EXERCISE:
Below is some data. Retype exactly the lines starting at the one with "тгк Алексин" and ending at the one with "Крайній теплий день: синоптикиня".
[Opening PROVIDED DATA section]
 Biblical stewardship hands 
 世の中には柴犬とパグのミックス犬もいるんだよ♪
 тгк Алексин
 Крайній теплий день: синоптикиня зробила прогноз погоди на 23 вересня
[Closing PROVIDED DATA section]
[Opening PROVIDED DATA section]
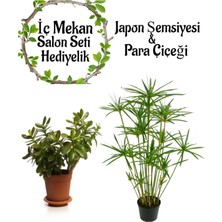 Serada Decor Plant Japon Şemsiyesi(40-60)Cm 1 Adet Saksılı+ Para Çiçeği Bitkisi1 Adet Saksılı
[Closing PROVIDED DATA section]
[Opening PROVIDED DATA section]
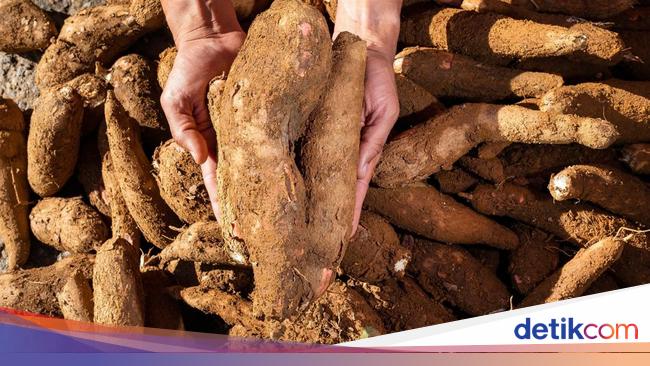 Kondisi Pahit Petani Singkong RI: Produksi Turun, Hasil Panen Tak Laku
[Closing PROVIDED DATA section]
RESPONSE BELOW:
 тгк Алексин
 Крайній теплий день: синоптикиня зробила прогноз погоди на 23 вересня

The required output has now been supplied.